Month: May 2023

The Practical Impossibility of Large-Scale Carbon Capture and Storage

“CCS has been slow to take off due to the cost of capture and the limited salability of carbon dioxide as a product. Thirty-nine CCS facilities capture CO2 around the world today, totaling 45 million tons per year, or about one-tenth of one percent (0.1%) of industrial emissions produced globally.”

The Environmental Protection Agency is working on a new rule that would set stringent limits on carbon dioxide (CO2) emissions from US power plants. Utilities would be required to retrofit existing plants with carbon capture and storage (CCS) technology or to switch to hydrogen fuel. Others call for the use of CCS to decarbonize heavy industry. But the cost of capture and the amount of CO2 that proponents say needs to be captured crush any ideas about feasibility.

Carbon capture and storage is the process of capturing carbon dioxide from an industrial plant before it enters the atmosphere, transporting it, and storing it for centuries to millennia. Capture may be accomplished by filtering it from combustion exhaust streams. Pipelines are proposed to transport the captured CO2. Underground reservoirs could be used for storage. For the last two decades, advocates have proposed CCS to reduce emissions from coal plants and steel, chemical, and other hard-to-decarbonize industries in order to fight human-caused climate change.

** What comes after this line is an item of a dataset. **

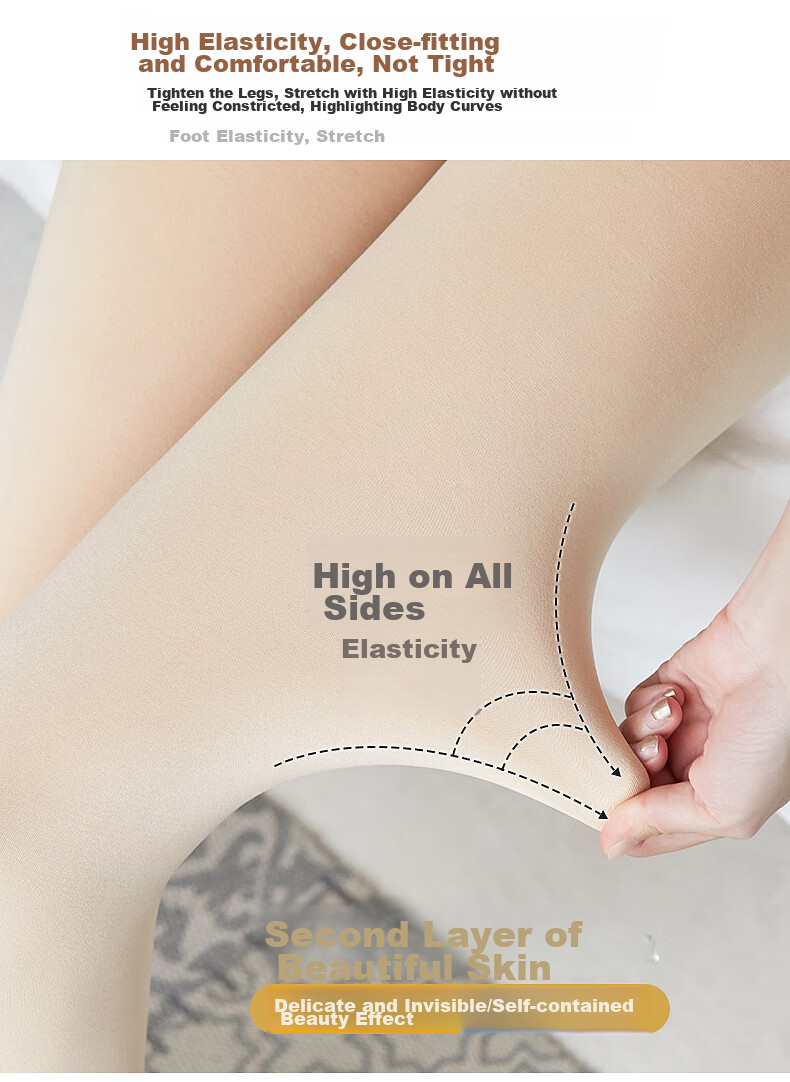 LangSha Women's Thermal Fleece-Lined Nude Tights Leggings Autumn Winter Thickened Pantyhose 10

CCS has been slow to take off due to the cost of capture and the limited salability of carbon dioxide as a product. Thirty-nine CCS facilities capture CO2 around the world today, totaling 45 million tons per year, or about one-tenth of one percent (0.1%) of industrial emissions produced globally. Of these, 20 reside in the US or Canada, six in Europe, and five in China. Twenty-four of these facilities use captured CO2 for enhanced oil recovery. Captured CO2 is injected into oil wells to boost oil output,

The news from these facilities is mixed. Many are not meeting their carbon-capture goals or are incurring costs well over budget. Nevertheless, Australia, Canada, China, Japan, the US, and nations of Europe now offer billions in direct subsidies or tax breaks to firms for capture of CO2 emissions and to build pipelines and storage. Over 300 large and small capture projects are in planning around the world which, after completion, may be able to boost capture to 0.5 percent of man-made emissions.

Illinois, Iowa, and other states are struggling with issues involving plans for CO2 pipelines. Ethanol plants and other facilities propose to capture CO2 and need a new network of pipelines to transport the gas to underground storage sites. These pipelines face strong opposition from local communities over farmland use and safety concerns in the case of a pipeline rupture.

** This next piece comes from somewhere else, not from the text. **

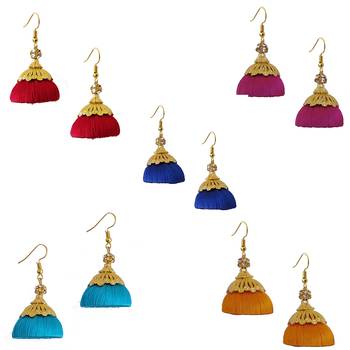 Multicolor combo silk thread earrings 1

Carbon capture and storage is very expensive. An example concerns plans for CCS in Wyoming, the leading US coal state. Wyoming mined 41 percent of US coal in 2020 and coal-fired plants produced about 85 percent of the state’s electricity. With abundant coal resources and good opportunities to store CO2 underground, Wyoming appeared to be an excellent candidate to use CCS. The state passed House Bill 200 in March 2020, directing utilities to produce 20 percent of electricity from coal plants fitted with CCS by 2030.

In response to the statute, Rocky Mountain Power and Black Hills Energy, Wyoming’s two major power companies, analyzed alternatives for their operations and provided comments to the Wyoming Public Service Commission in March 2022. But the comments were not favorable for CCS. Black Hills Energy determined that adding CCS to two existing coal plants would cost an estimated $980 million, or three times the capital cost expended to build the plants. Rocky Mountain Power stated that adding CCS to its existing plants was “not economically feasible at this time.”

Beyond cost, the amount of carbon dioxide that advocates say must be captured is vast. The amount of CO2 produced by industry is small in global terms, only about five percent of what nature releases into and absorbs from the atmosphere every day. But the amount of industrial CO2 produced is still huge in human terms.

For example, an empty Boeing 747 jumbo jet weighs 412,300 pounds (187,000 kg). Its maximum fuel weight is 433,195 pounds (196,494 kg), more than the empty weight of the aircraft. During fuel combustion, two oxygen atoms are taken from the atmosphere and combined with each carbon atom. For each kilogram of jet fuel burned, 3.16 kilograms of carbon dioxide are created.

Consider the Drax Power Station in North Yorkshire, England, the third-largest power plant in Europe, which has been converted to using two-thirds biomass fuel. The plant is experimenting with CCS to reduce emissions. Each day, the plant uses about 20,000 tons of wood pellets delivered by 475 railroad cars. Picture the volume that these railroad cars would carry and then more than double it to get an idea of the amount of CO2 to be captured and stored each day.

The world’s heavy industries use vast amounts of coal, natural gas, and petroleum. Ammonia, cement, plastics, steel, and other industries produce billions of tons of materials each year for agriculture, construction, health care, industry, and transportation. Capturing, transporting, and storing CO2 from these processes would involve trillions of dollars and many decades of investment.

The International Energy Agency calls for 9 percent of the world’s CO2 emissions to be captured and stored by 2050. Today we have a mix of 39 major and minor capture facilities in operation. The IEA estimates that 70 to 100 major capture facilities will need to come online each year until 2050 to achieve this goal. It’s unlikely that even 20 percent of the goal will be achieved, despite hundreds of billions of dollars in spending.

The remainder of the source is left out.